PROBLEM: Please print, exactly, only the lines in the entries below from the line that has "Appartement 3 pièces" through the line that has "za drvo ABC". Pictures don't go in.

MATERIALS PROVIDED:
<<<<

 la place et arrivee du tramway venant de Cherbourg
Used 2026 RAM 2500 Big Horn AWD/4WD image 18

>>>>
<<<<

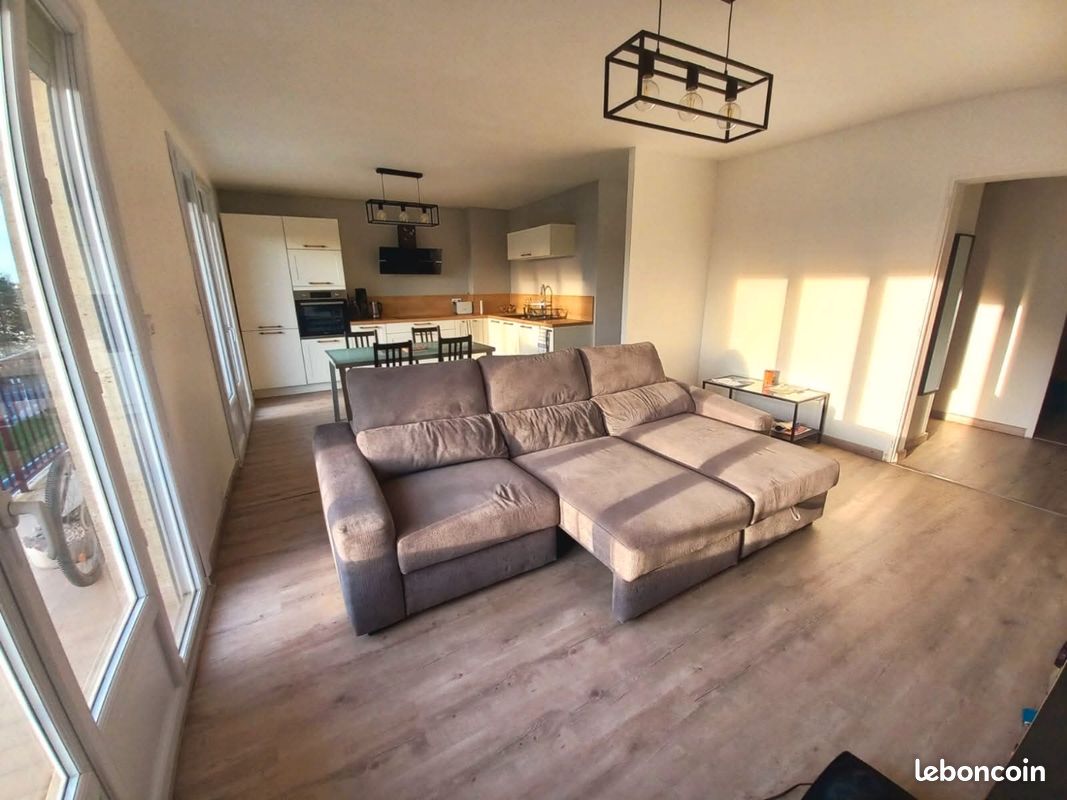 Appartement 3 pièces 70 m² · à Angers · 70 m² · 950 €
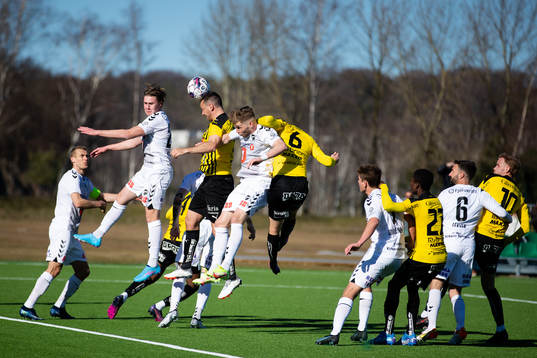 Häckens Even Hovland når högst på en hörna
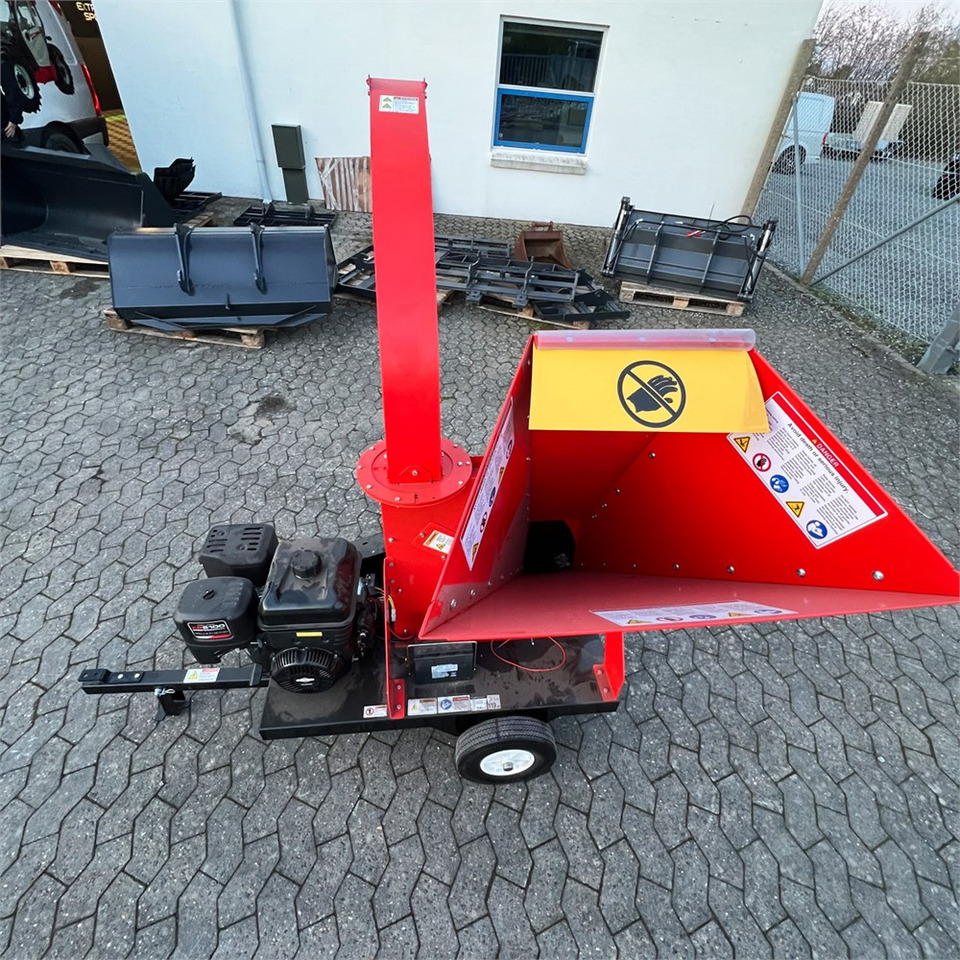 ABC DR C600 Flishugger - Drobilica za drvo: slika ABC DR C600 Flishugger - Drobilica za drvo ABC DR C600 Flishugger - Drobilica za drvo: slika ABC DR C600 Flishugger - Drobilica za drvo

>>>>
<<<<

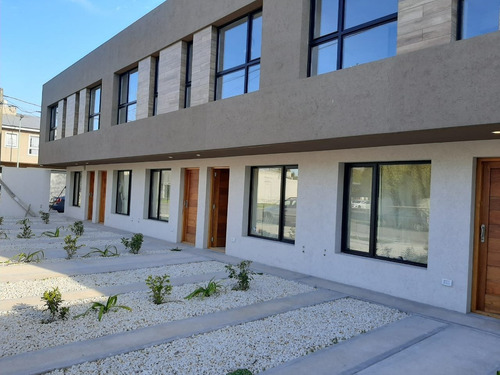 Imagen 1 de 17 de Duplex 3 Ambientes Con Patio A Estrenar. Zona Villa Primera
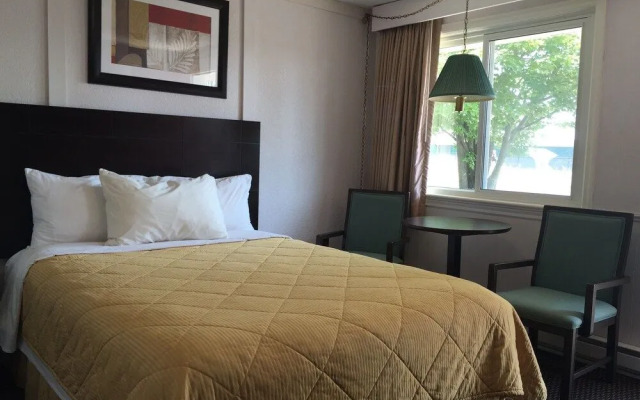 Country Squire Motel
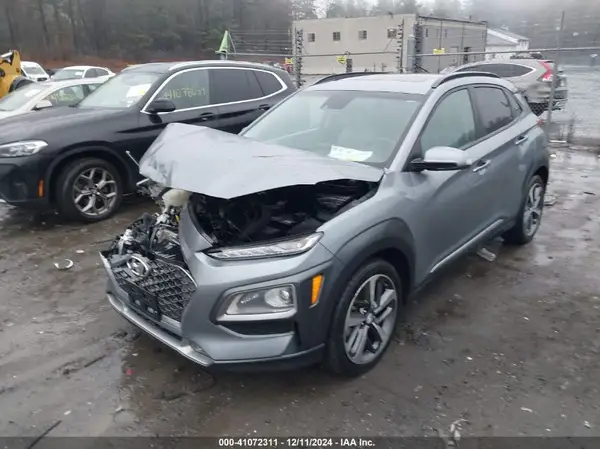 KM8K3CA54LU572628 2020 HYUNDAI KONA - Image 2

>>>>

THE COMPLETED TASK:
 Appartement 3 pièces 70 m² · à Angers · 70 m² · 950 €
 Häckens Even Hovland når högst på en hörna
 ABC DR C600 Flishugger - Drobilica za drvo: slika ABC DR C600 Flishugger - Drobilica za drvo ABC DR C600 Flishugger - Drobilica za drvo: slika ABC DR C600 Flishugger - Drobilica za drvo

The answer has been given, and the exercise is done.